- About this task -
Only one stretch of the data should be retyped: the lines from the line containing "Hasuki on the Norwegian Viva" through the line containing "オーシャンビューデラックスルームバルコニー付き, Vriskaig Luxury". Keep pictures out of it.

- Exercise data -
--- START ---
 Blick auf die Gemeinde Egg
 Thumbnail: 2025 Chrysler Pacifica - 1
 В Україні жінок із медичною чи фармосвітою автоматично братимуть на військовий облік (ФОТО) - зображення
--- END ---
--- START ---
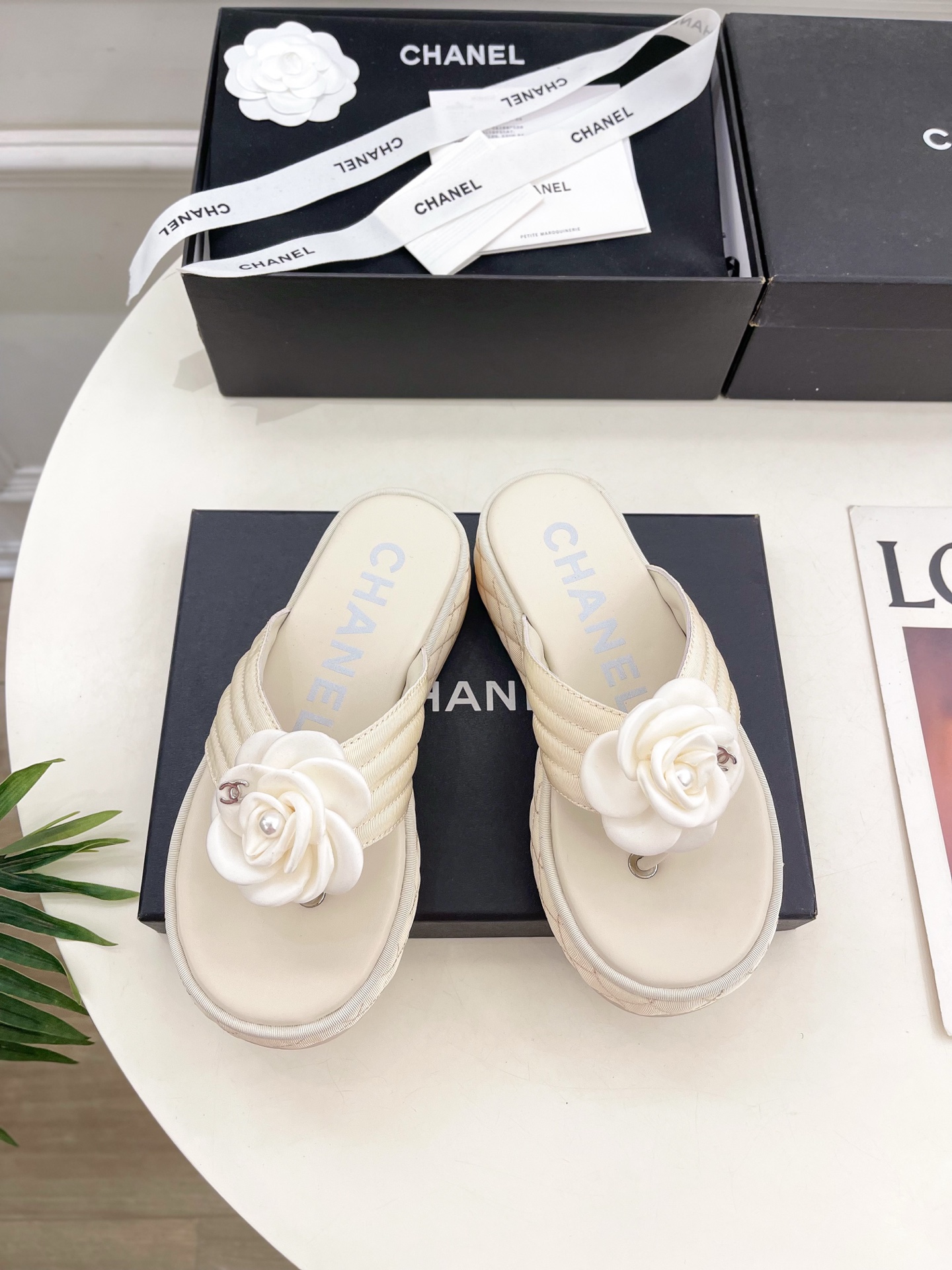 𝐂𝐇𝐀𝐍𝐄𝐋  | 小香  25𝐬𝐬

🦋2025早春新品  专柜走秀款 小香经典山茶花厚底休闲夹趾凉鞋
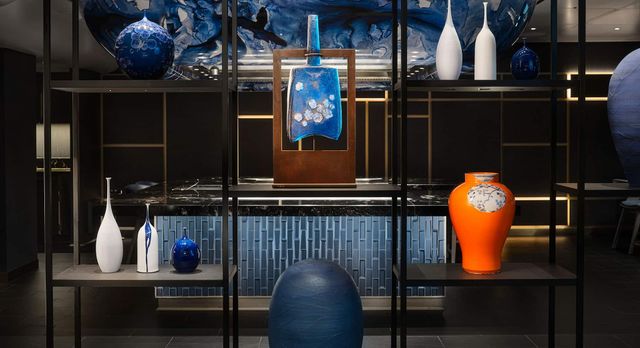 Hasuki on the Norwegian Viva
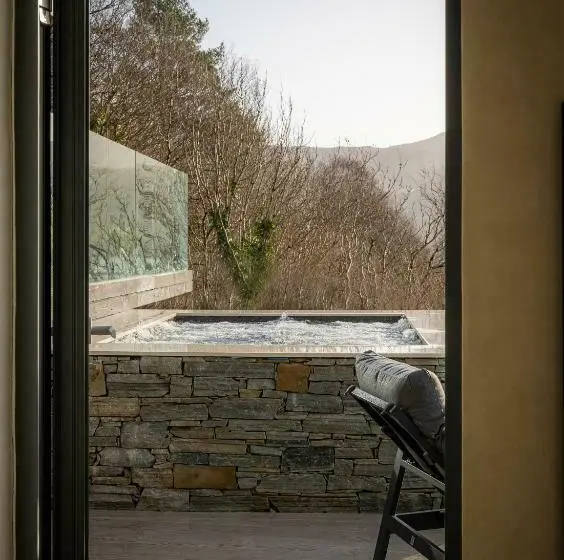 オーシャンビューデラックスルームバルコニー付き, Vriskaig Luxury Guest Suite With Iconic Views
--- END ---
--- START ---
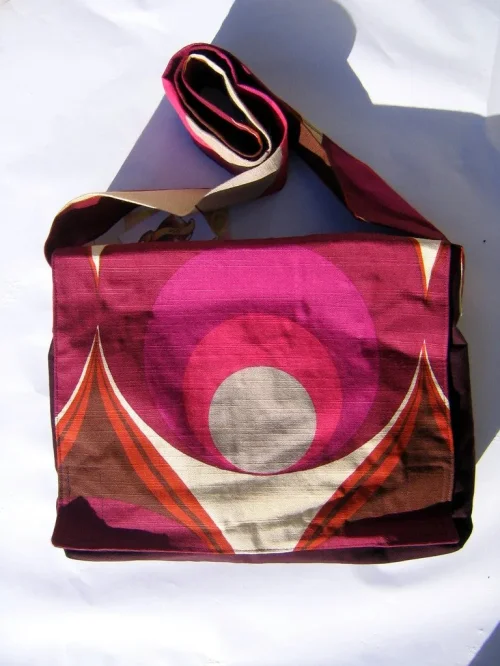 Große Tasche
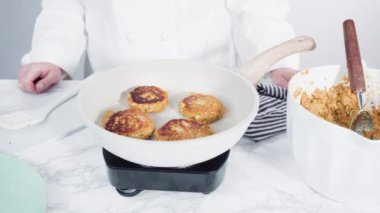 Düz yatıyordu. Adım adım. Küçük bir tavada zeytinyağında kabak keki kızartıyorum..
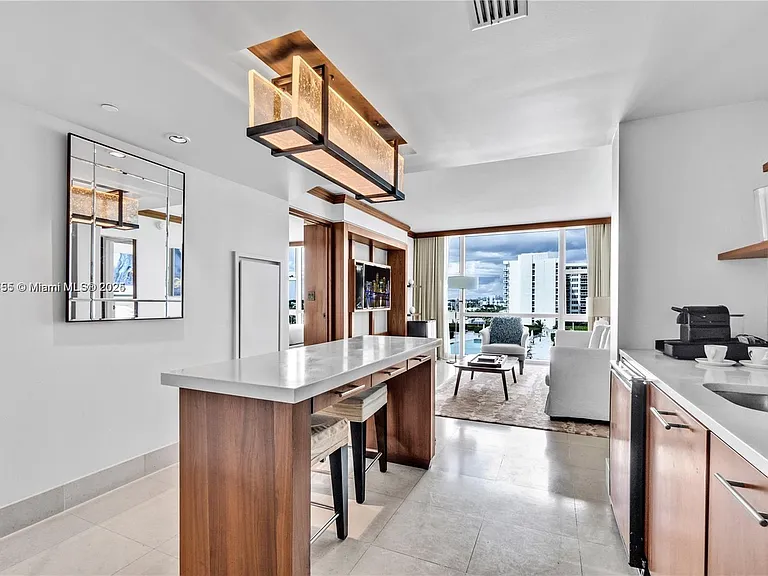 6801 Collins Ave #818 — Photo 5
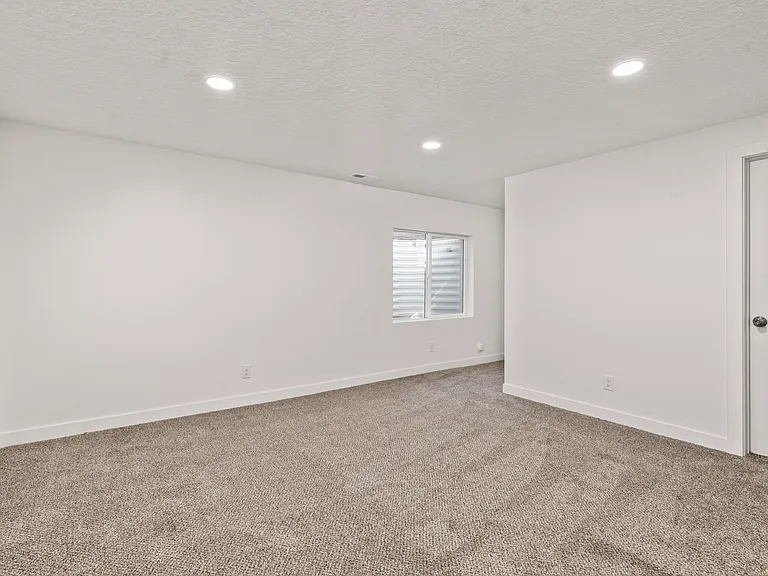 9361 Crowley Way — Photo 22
--- END ---
- Answer section -
 Hasuki on the Norwegian Viva
 オーシャンビューデラックスルームバルコニー付き, Vriskaig Luxury Guest Suite With Iconic Views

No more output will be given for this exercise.